UDK 629.785:523.45 Doi: 10.31772/2587-6066-2018-19-3-517-525
DESIGN OF A LOW THRAST PROPULSION SYSTEM AND THE TRAJECTORIES OF SPASECRAFT TO THE CENTRE OF THE SOLAR SYSTEM
I. V. Platov*, A. V. Simonov
Lavochkin Association 24, Leningradskaya Str., Khimki, Moscow region, 141400, Russian Federation * E-mail: aia@laspace.ru
The article is devoted to the peculiarities of the flight trajectories design to the centre of the Solar system for two perspective Russian spacecrafts. A scientific goal of the project is to study the near-solar space from close distances (60–80 solar radii) and non-ecliptic inclinations. As part of the draft project, management decided to create two spacecrafts (SC), where an option with a “chemical” propulsion system based on low-thrust engines is offered as a march. In connection with a significant increase in the initial mass of the spacecraft, it is necessary to use means of deducing a heavier class. Therefore, now options are being considered for launching at “Angara-A5” and “Soyuz-5” (“Sumkar”) with “DM” and “Fregat-SBU” upper stages from the Vostochny and Baikonur launch sites. The active life of the SC should exceed seven years, for which an inclination of more than 25 ° must be achieved. The article describes the additional version of the propulsion system with the use of two-component engines, produced by NIIMash (Nizhnyaya Salda), and the main characteristics of the flight schemes for two spacecrafts are indicated.

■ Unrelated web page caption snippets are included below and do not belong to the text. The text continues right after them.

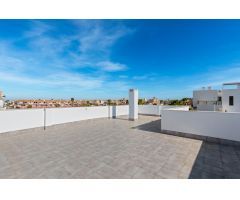 Chalet en Venta en Cartagena, Murcia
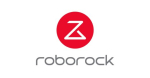 ROBOROCK P&otilde;hivahja Kaitsemust Sarnaselt Saros Z70 8.02.0439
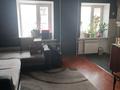 3-бөлмелі пәтер · 60.4 м² · 4/5 қабат, Корчагина 160, бағасы: 16 млн ₸ в Рудном — фото 2
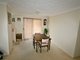 Photo - 4/19 Margaret Street, Tweed Heads NSW 2485 - Image 6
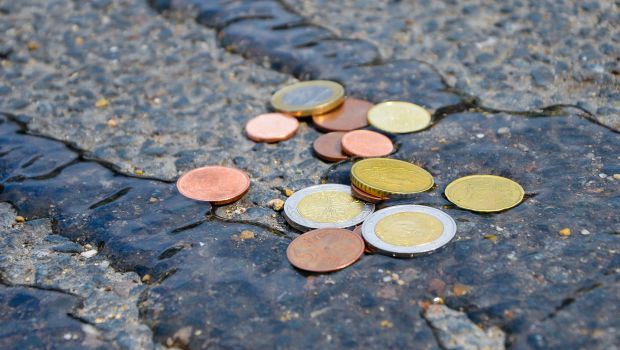 La taxe sur l’eau pluviale : une taxe mal perçue 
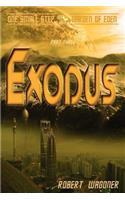 Exodus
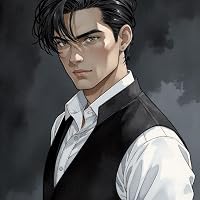 Profile Image for Mr One Ab.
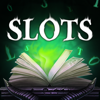 Scatter Slots - Spin and Win with wild casino slot machines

The developed scheme of the first spacecraft flight assumes the launch in August 2026. Convergence with the Sun at a minimum distance of 61.5 solar radii occurs 6 years after the start. After the last, the eighth, gravitational maneuver, 8.3 years after launching the spacecraft reaches heliocentric latitude of 33.1°. The trajectory of the second spacecraft assumes the launch in April 2028. Six years after the start it also approaches the Sun to approximately the same distance 63.0 solar radii. The spacecraft reaches the heliocentric latitude of 29.1° with the help of subsequent gravityassists at Venus. The presented design appearance of the ‘chemical’ propulsion system with the use of low-thrust engines makes it possible to achieve the specified parameters of the Sun orbit and to execute the scientific program within the given period of active existence of two spacecrafts.
Keywords: spacecraft, propulsion system, flight scheme, interplanetary transfer, Sun.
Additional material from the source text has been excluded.